International financial institutions
International financial institutions refer to financial institutions that have been established by more than one country, and are subject to international law. Their owners or shareholders are generally national governments, although other international institutions and organizations occasionally figure as shareholders. The World Bank, the International Monetary Fund and the European Investment Bank are international financial institutions.

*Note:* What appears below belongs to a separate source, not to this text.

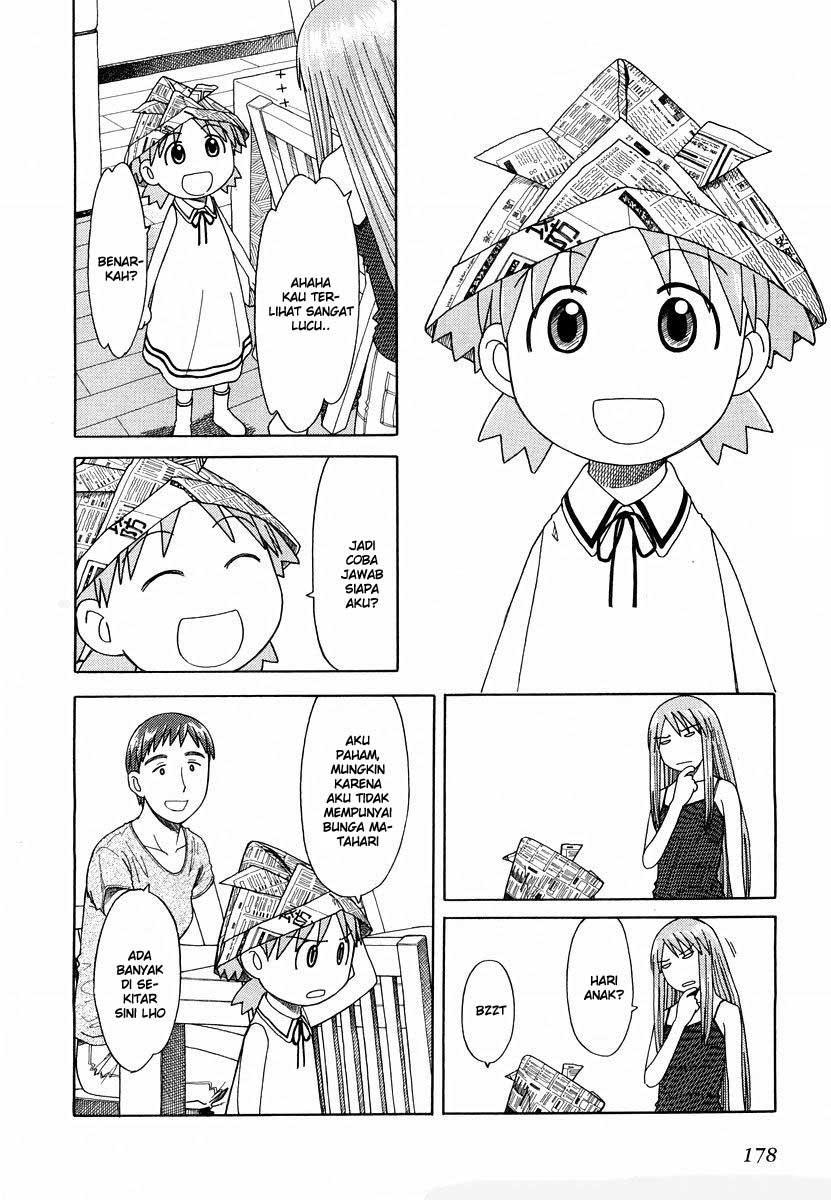 Yotsuba to! Chapter 27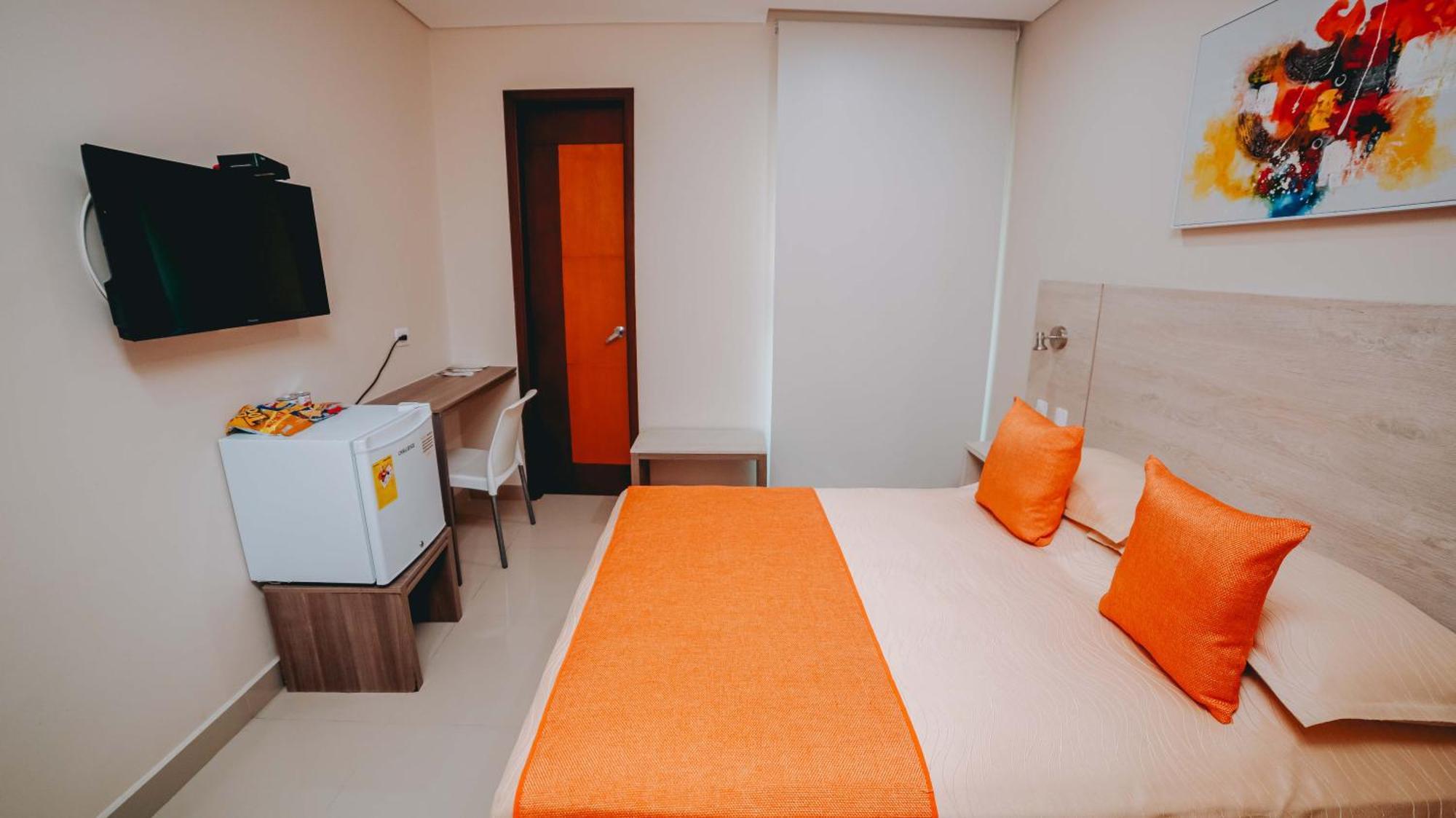 Hotel Seven Montería Extérieur photo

The World Bank provides leveraged loans to developing countries for capital programs. It was created in 1944 during the Bretton Woods Conference, the United States and the United Kingdom dominated negotiations even though other countries were attending. The World Bank's current focus is on the achievement of the Millennium Development Goals, lending primarily to middle-income countries at interest rates which reflect a small mark-up over its own borrowings from capital markets. The Bank’s mission is to aid developing countries and their inhabitants to achieve development and the reduction of poverty. The World Bank sees the five key factors necessary for economic growth and the creation of an enabling business environment as: 1. strengthening governments and educating government officials. 2. Implementation of legal and judicial systems for the encouragement of business, the protection of individual and property rights and the honoring of contracts. 3. The establishment of strong systems capable of supporting endeavors from micro credit to the financing of larger corporate ventures. 4. Support for countries' efforts at eradicating corruption. 5. The World Bank provides platform for research on development issues, consultancy and conduct training programs open for those who are interested from academia, students, government and non-governmental organization officers etc. The President of the Bank, currently Robert B. Zoellick, is responsible for chairing the meetings of...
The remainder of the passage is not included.